From the backup user account:

virtualenv env
env/bin/pip install git+https://github.com/cmusatyalab/deltaic
env/bin/deltaic mkconf sudoers | sudo tee /etc/sudoers.d/deltaic
env/bin/deltaic mkconf crontab --email [email protected] | crontab

Set up data sources by configuring the system as described below and then making the proper entries in ~/.config/deltaic.conf.

Data Sources

`coda`: The Coda distributed filesystem

coda backs up individual replicas of Coda volumes by connecting to a Coda server via SSH and running volutil dump and codadump2tar. File/directory UIDs and mode bits are stored as rsync-compatible extended attributes. ACLs are not stored.

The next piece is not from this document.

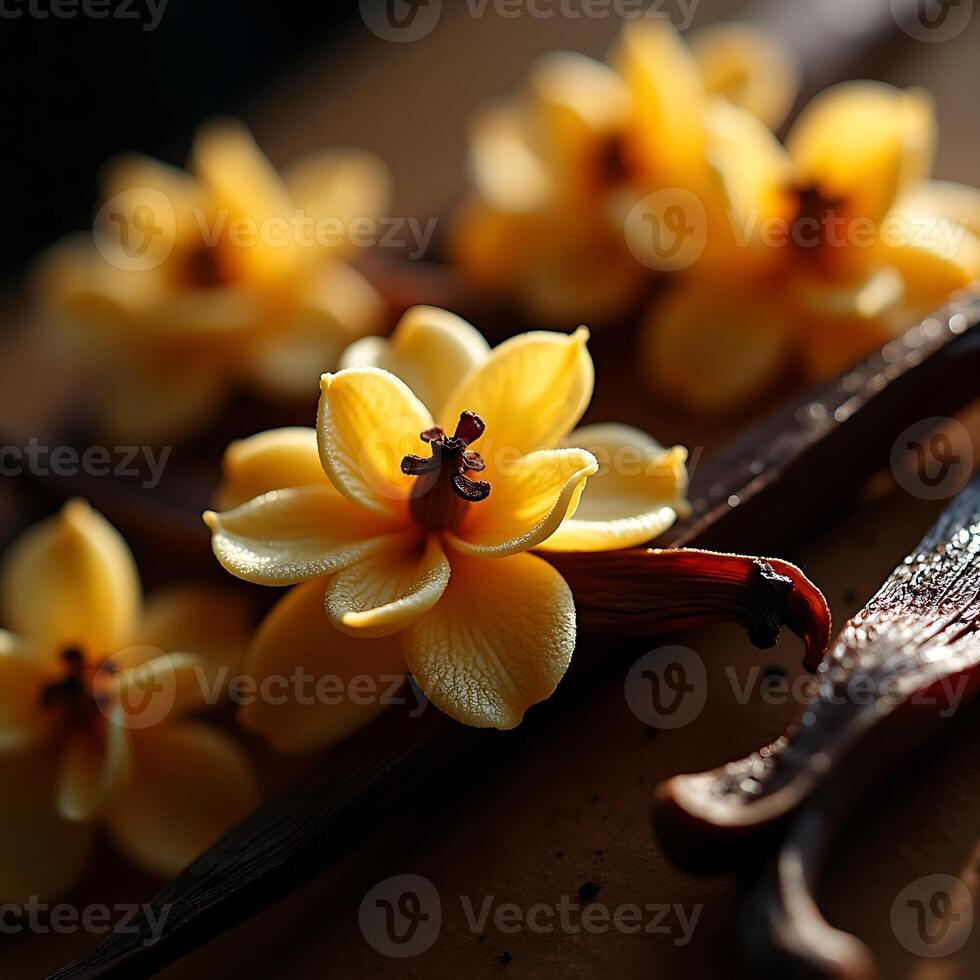 Vanilla Flowers and Beans Close Up on Warm Background photo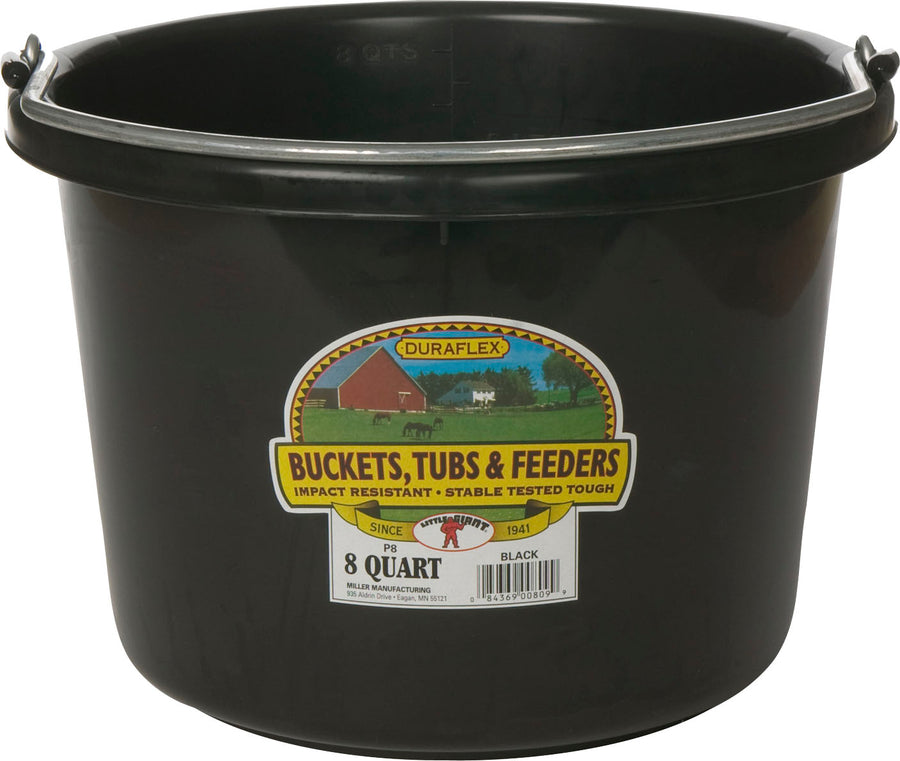 Little Giant Duraflex Plastic Bucket, Black, 8 qt - Bucket General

For performance, coda takes incremental volume dumps when possible. However, incremental dumps do not record deleted files, so in each backup run, coda will perform full dumps on a random subset of volumes (1 in 7 by default).

Requirements

For best results, Coda 6.9.6 or above.
SSH authorized_keys access to root on the Coda servers

Restoring

Authenticate a Coda client on a remote host, then run:

deltaic rsync restore --coda -u <remote-unix-user> <coda-backup-dir> <remote-host> <destination-coda-filesystem-path>

This command runs rsync with the necessary options to restore all backed-up metadata. Additional options specified to the restore command (such as --delete) will be forwarded to rsync.

`github`: GitHub organizations

github backs up GitHub teams, repositories, wikis, issues, milestones, commit comments, release metadata, and release assets for all accessible repositories within configured GitHub organizations. Repositories and wikis are stored as bare Git repositories, release assets as individual files, and all other metadata in JSON format.

Requirements

Git 1.7.1.1 or above
Configured API key obtained with deltaic github auth

Restoring

Repository and wiki data can be restored with git push. Restore tools for other metadata have not yet been written. (Note that it is impossible to restore all data types to GitHub in their original form. Creator information for e.g. individual issue comments cannot be restored without access to the creators' GitHub accounts, and timestamps cannot be restored at all.)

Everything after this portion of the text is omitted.